Data for this task:
+++

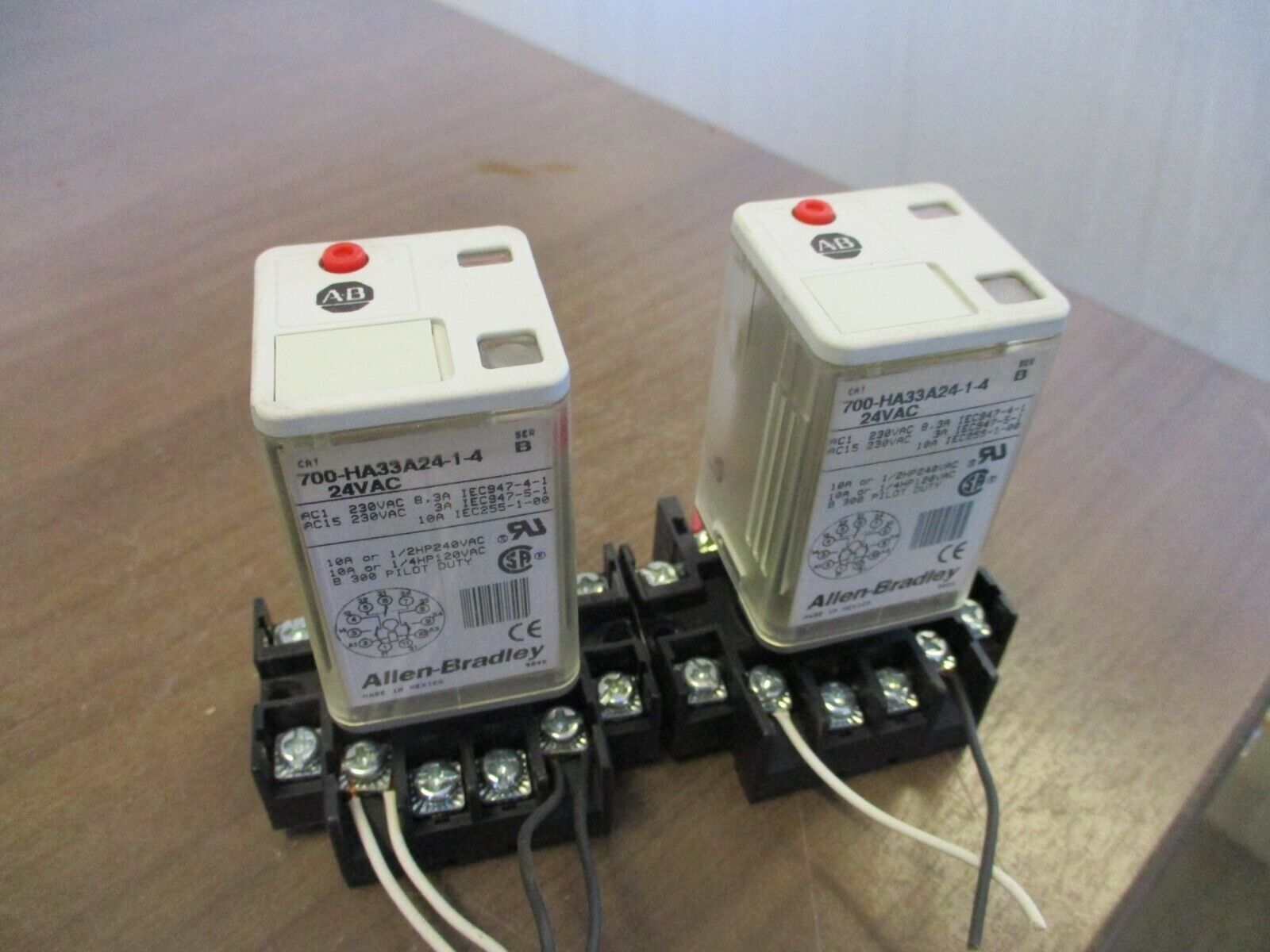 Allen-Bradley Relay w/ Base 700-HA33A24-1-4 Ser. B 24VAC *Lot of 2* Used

+++

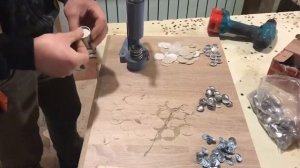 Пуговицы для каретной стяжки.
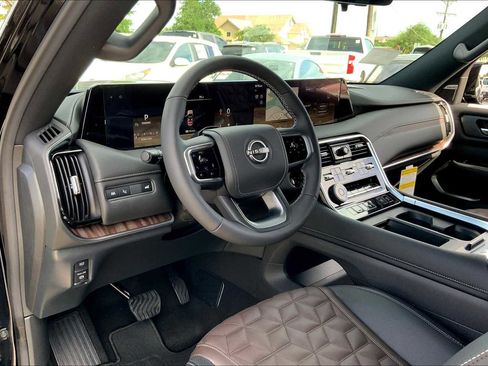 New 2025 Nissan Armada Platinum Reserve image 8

+++

Work order:
Extract the part of the records that opens with the line containing "Пуговицы для каретной стяжки." and closes with the line containing "New 2025 Nissan". Take only those lines, exactly, and no pictures.

Reply:
 Пуговицы для каретной стяжки.
 New 2025 Nissan Armada Platinum Reserve image 8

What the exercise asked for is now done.